Sunday, February 29, 2004


The UPI says the Canadian government is considering sending troops to Haiti whose current President, Jean-Bertrand Aristide, is on the verge of fleeing the country.

Canadian officials were reportedly close Saturday to sending hundreds of troops to Haiti as part of an international stabilization force. The Toronto Globe and Mail said Prime Minister Paul Martin spoke with U.N. Secretary-General Kofi Annan Friday, as Martin worked to help build an international consensus aimed at resolving the crisis. "He's been personally taking a hand in this," an official said.

Consideration of sending a significant number of troops would depend on the makeup of an international force and the ability of the Canadian Forces to pull together a contingent on short notice. "Potentially, hundreds could go," the unidentified government spokesman told the newspaper. "But it would depend on the need there. "It's going to be a challenge, without question."

Although the US 24th MEU is potentially able to intervene there are no firm indications that US deployments are contemplated. On the contrary, it is widely believed that Washington has soured on trying to affect the outcomes in the chaotic nation. However the imminent collapse of the Aristide government and the lack of any significant force projection capability by United Nations "peacekeepers", including Canada, may force American participation as a matter of necessity. Underarmed and historically helpless UN personnel even when reinforced by Canadians may only add their numbers to the civilian bargaining counters which the belligerents will use as their chief foreign policy tool. Aristide has already raised the specter of sending a flood of refugees onto the waves or across the border into the Dominican Republic. Rebel leader Guy Philippe, himself a thug of some accomplishment, will doubtless do the same -- after looting everything that isn't nailed down.

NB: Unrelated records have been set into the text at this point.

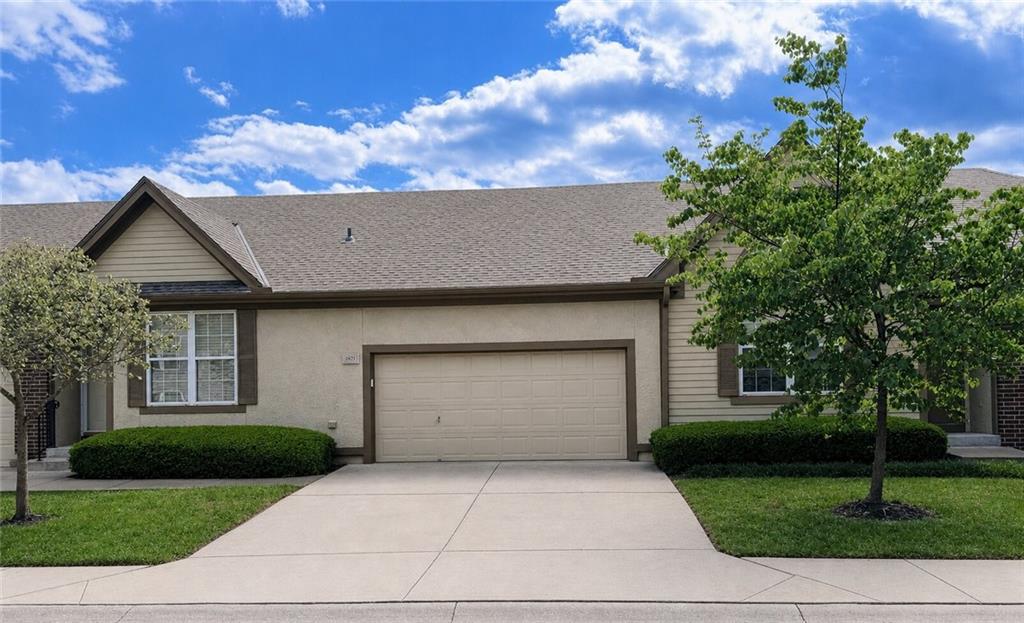 15821 W 62nd St, Shawnee, KS 66217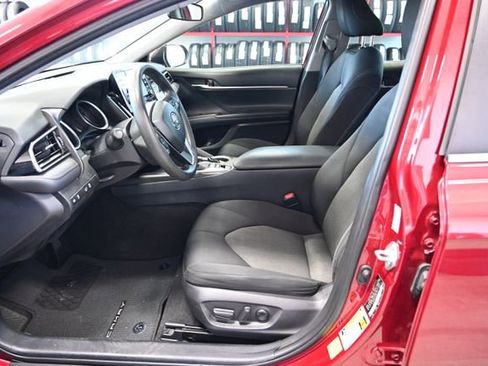 Used 2021 Toyota Camry LE image 10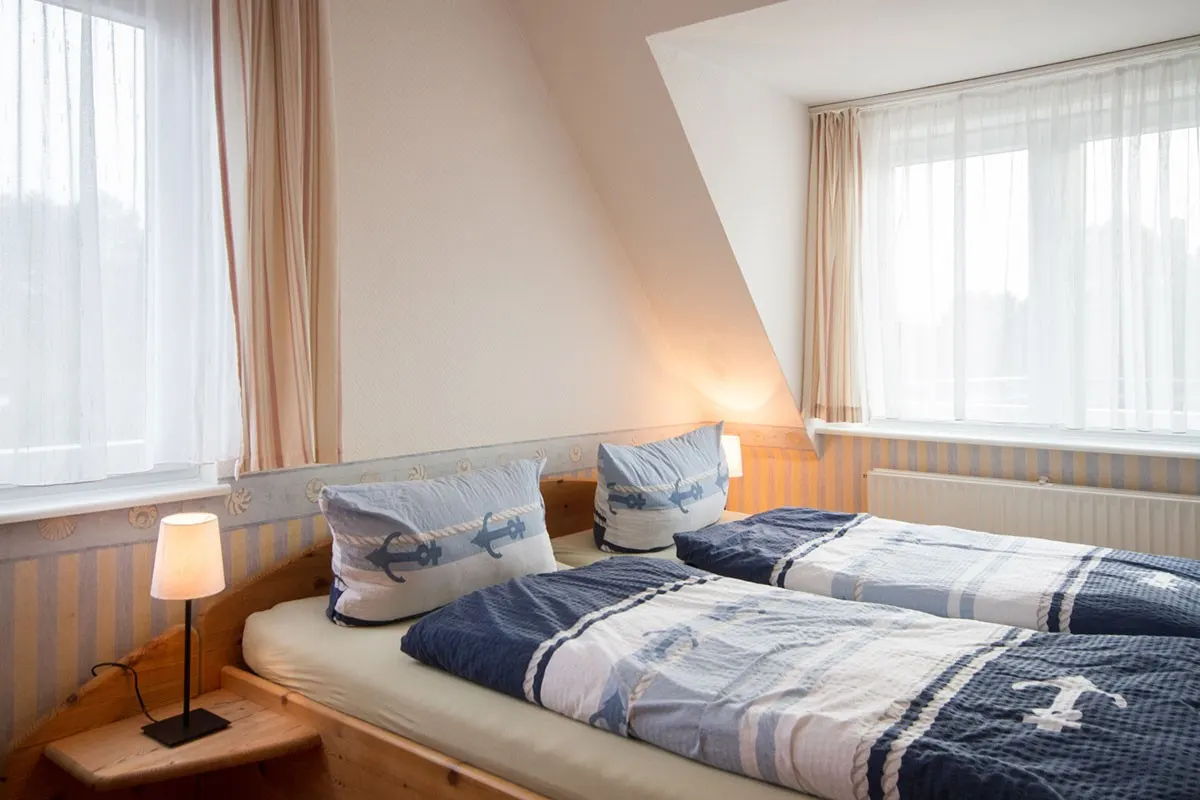 Strandläufer – Schlafzimmer der Wohnung.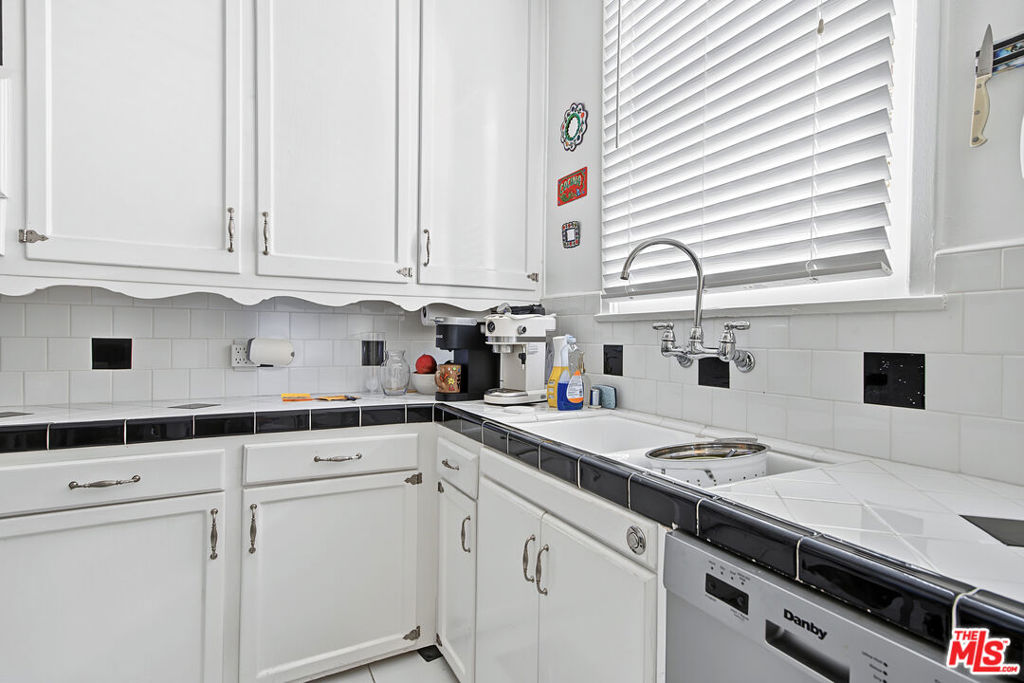 1047 S Orange Grove Avenue Property Photo 11
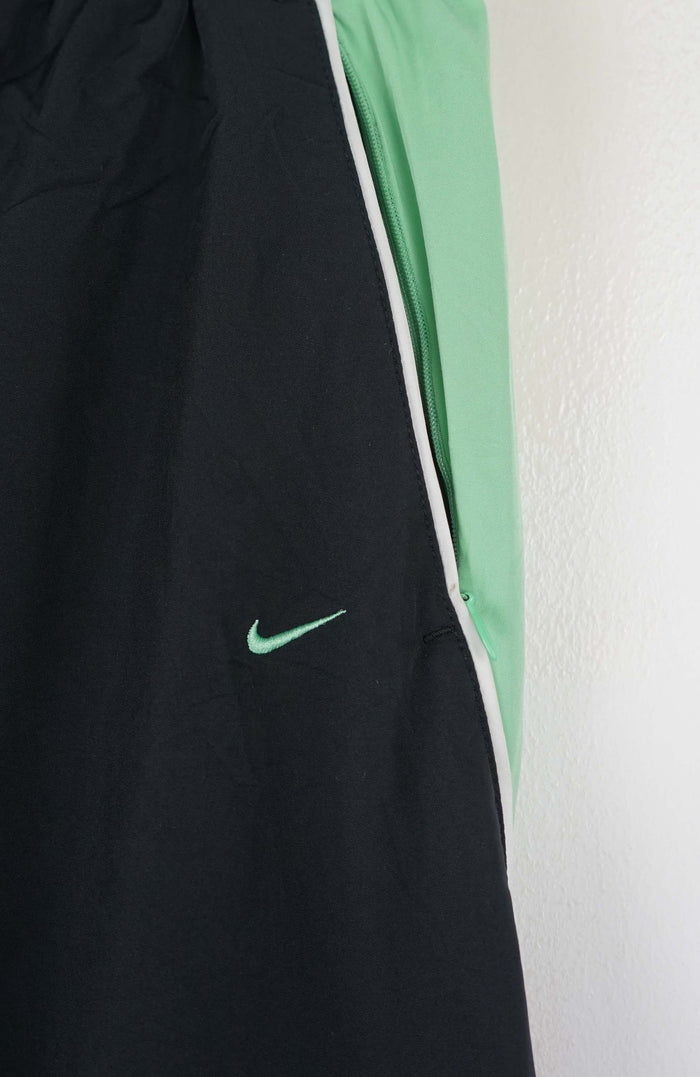 VINTAGE NIKE TRACK PANTS (XS)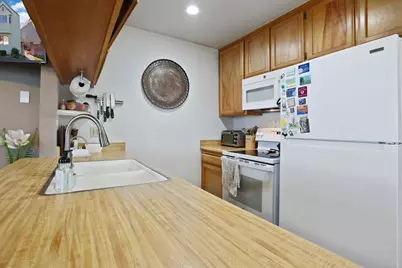426 Benjamin Place, Manteca, CA 95337 - Photo 4
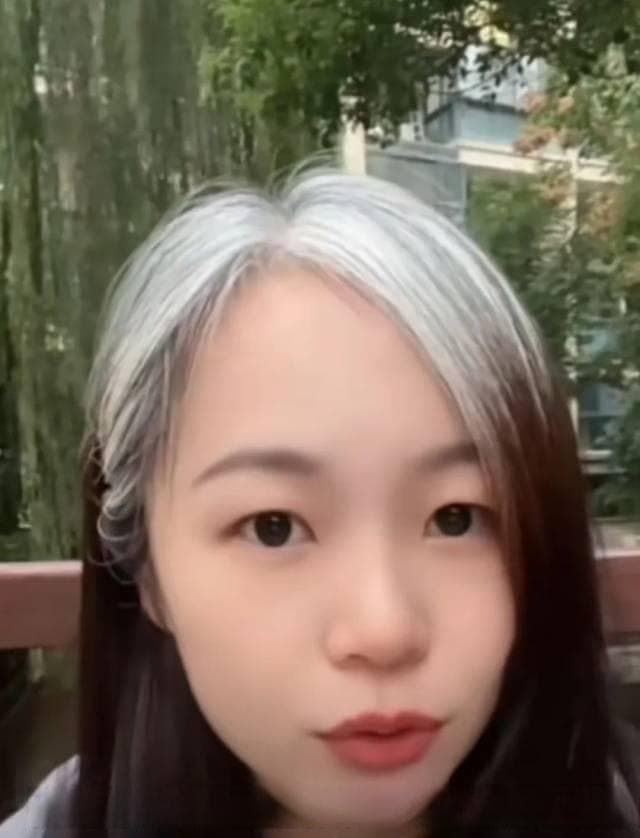 年纪轻轻的，为什么会“少白头”？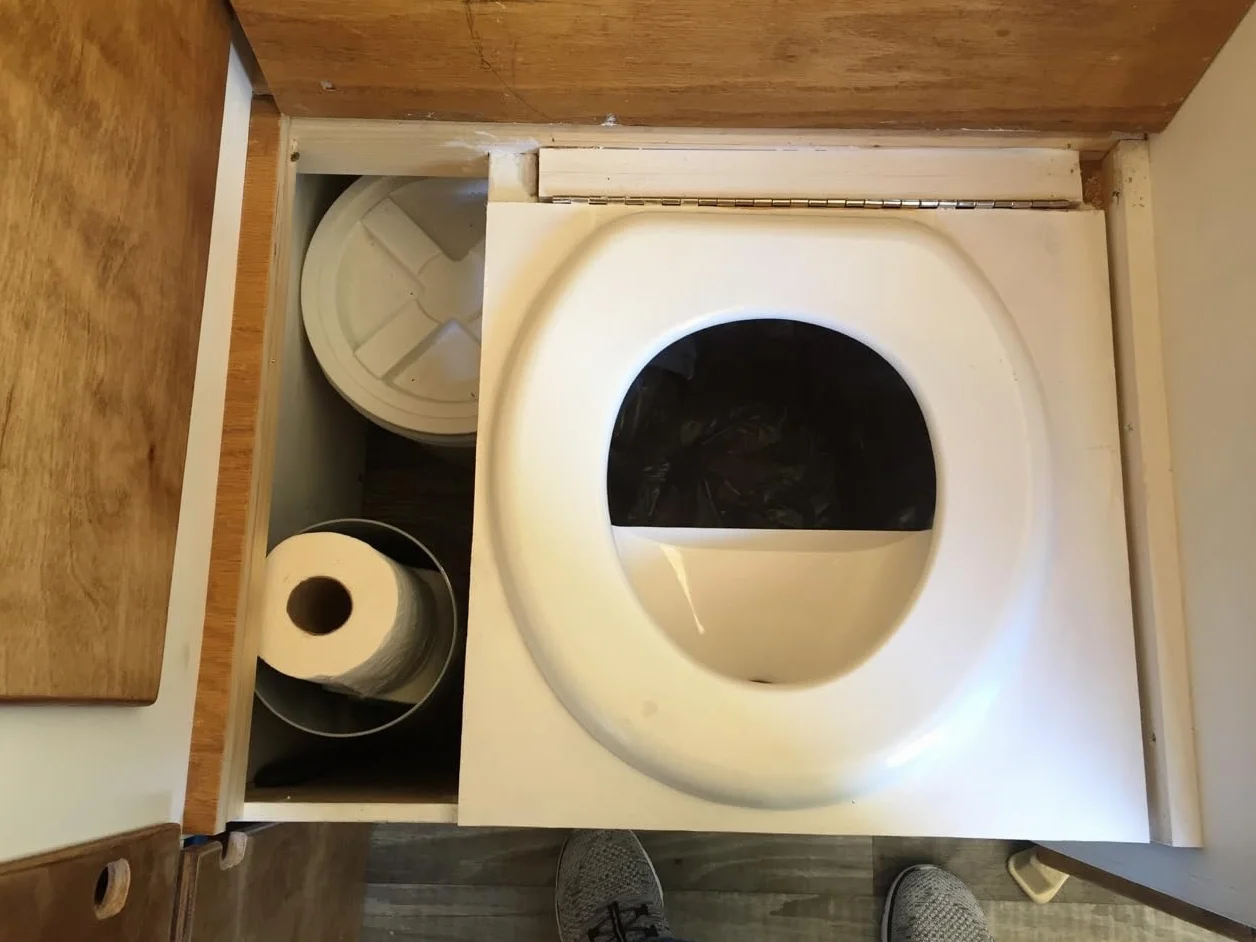 Separator orina | Desviador de orina para inodoros de compost | Murzyn o blanco | Fabricado en Reino Unido (Biały)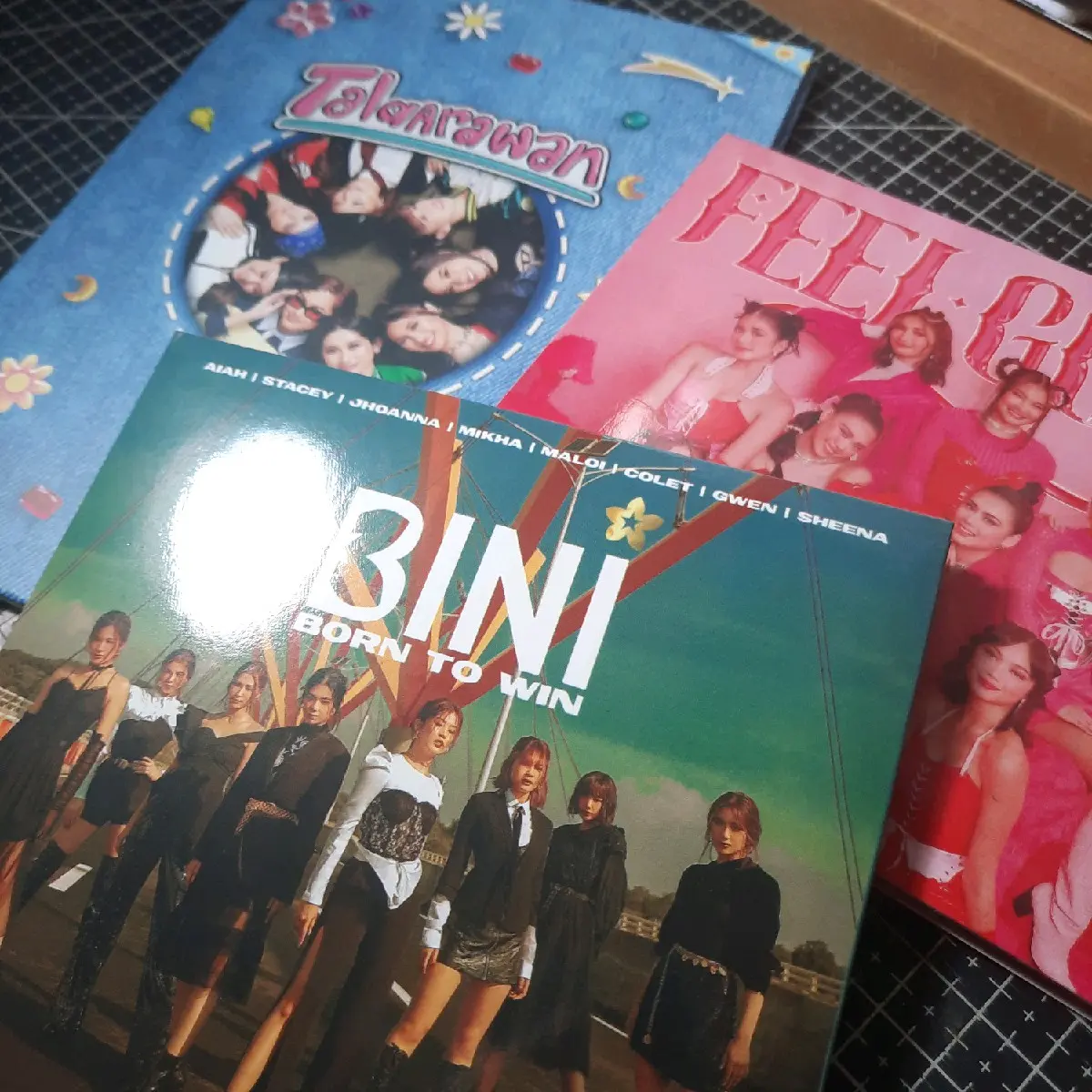 (OFC) BINI ALBUM PHOTOCARD TINGI
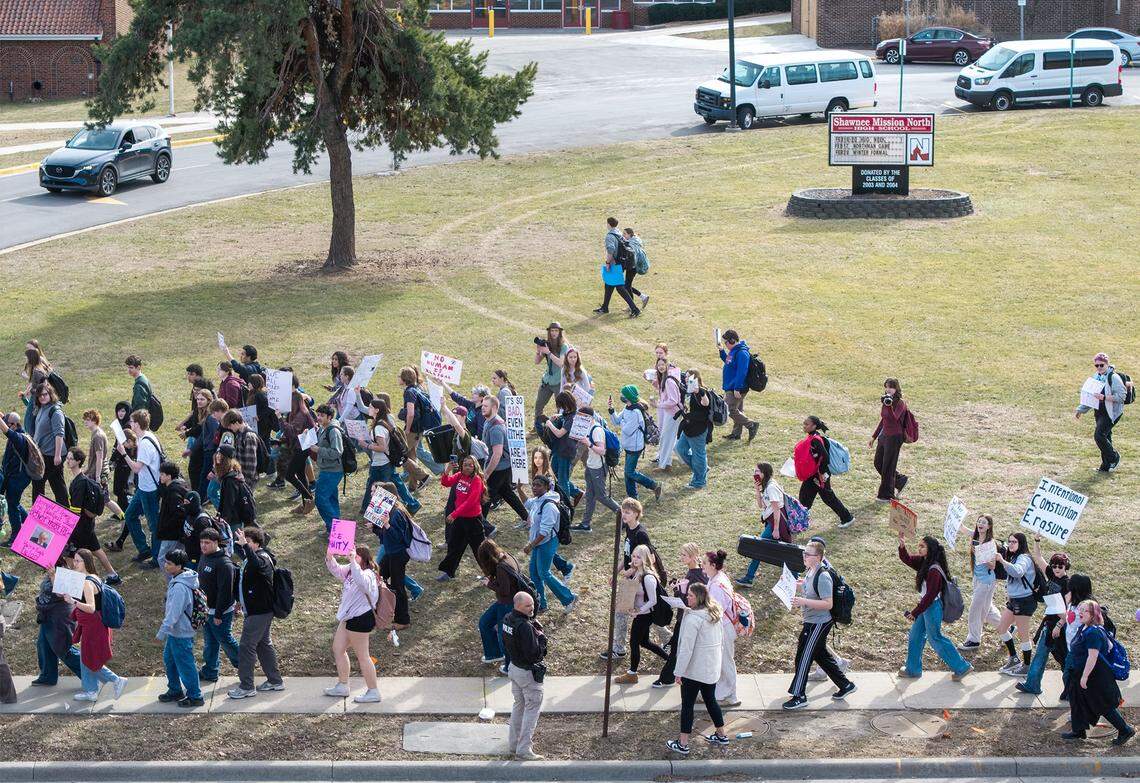 KS lawmakers override veto to crack down on student protests during ...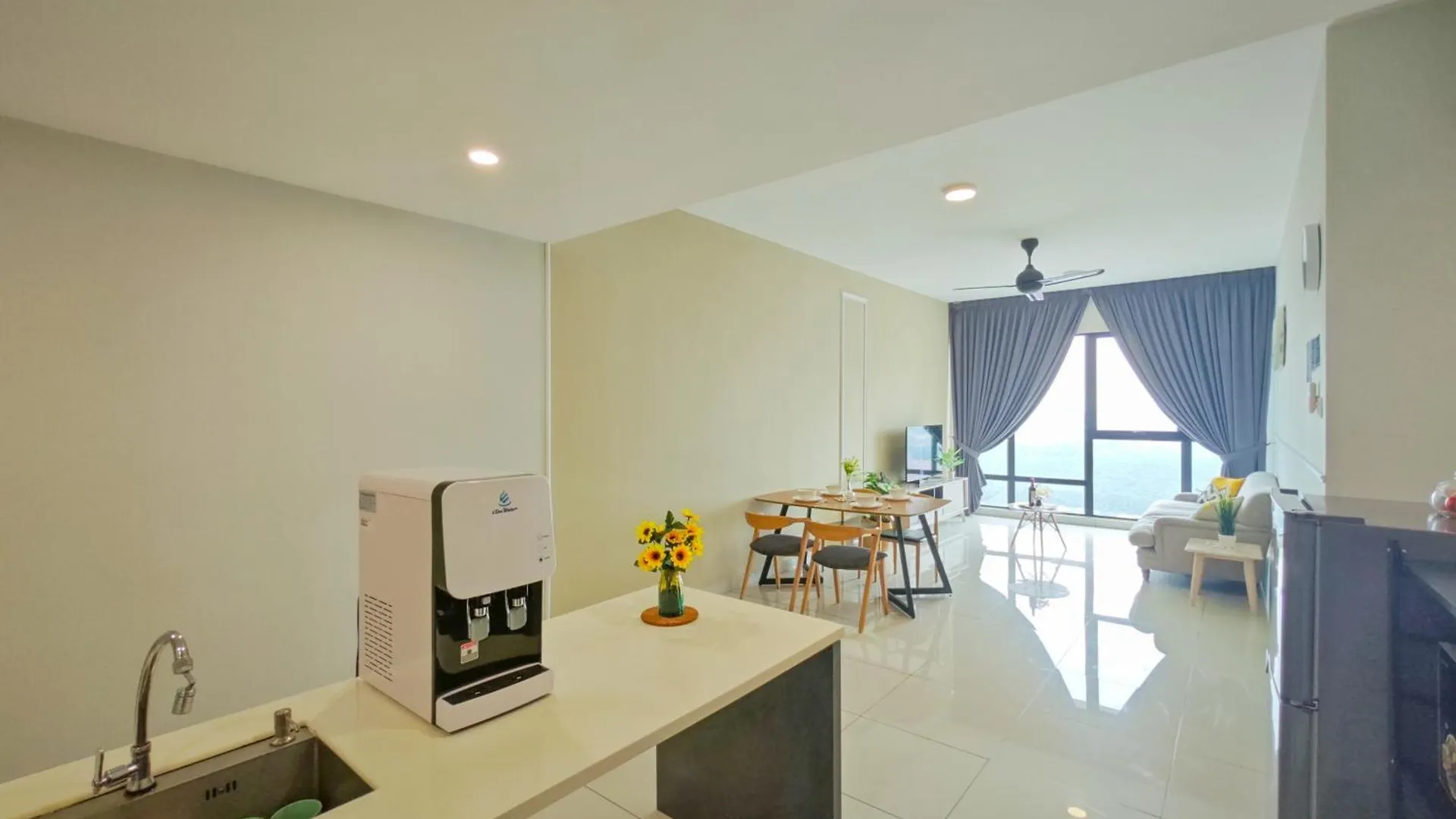2Br Wifi, Mid Valley, Mosaic Southkey, 5-7 Pax, 7 Mins To Ciq Johor Bahru Daire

The absence of military capability means that even if the Canadians could hold their own within a defensive perimeter, they would lack the muscle to prevent depredations in Haiti's interior. Other UN troops are likely to be in much worse case. This would lead under the traditionally timid UN doctrines to the adoption of a largely symbolic peacekeeping posture with a few UN garrisons in Port Au Prince and anarchy everywhere else. The UN mission in the Congo is a stellar example of this kind of Potemkin peacekeeping, where the Blue Helmets hold nothing but the airport and a nearby base while cannibal rebels roam the rest of the country pursuing hapless civilians to the very gates of the UN compound.

Any American involvement should come with strict conditions. The foremost should be an insistence on an active pacification strategy by UN and especially Canadian forces. Experience in the Global War on Terror and in fighting narco-terrorists in Latin America suggests that civil society can never emerge unless the backbone of thuggery is broken. In the context of Haiti this means an aggressive pursuit of warlords, looters and criminal elements that have reduced that country to a shambles. The Canadians should forthwith embark on an intensive intelligence operation to discover the most dangerous elements threatening orderly society and issue their equivalent of a Most Wanted Deck of Cards. Thereafter, the Canadians must simultaneously hunt these men down while rebuilding the Haitian police and judiciary. Only by employing these methods will Haiti and Haitians have any chance of regaining normal life.

If these conditions are met, the United States can provide any reasonable assistance the Canadian forces require. Although competent, the Canadians lack fire support and logistical lift, aerial surveillance assets and specialized equipment. The American assignment of amphibious lift, helicopter gunships and AC-130s should go far toward making the Canadians are really potent force capable of fulfilling the role of the great nation that they are, if only they could recollect it. But not a single American ship nor a single airlifter should be used to support a moronic UN operation whose sole utility is to hold a few acres of symbolic ground in the port while the Haitians suffer outside the range of the public relations cameras.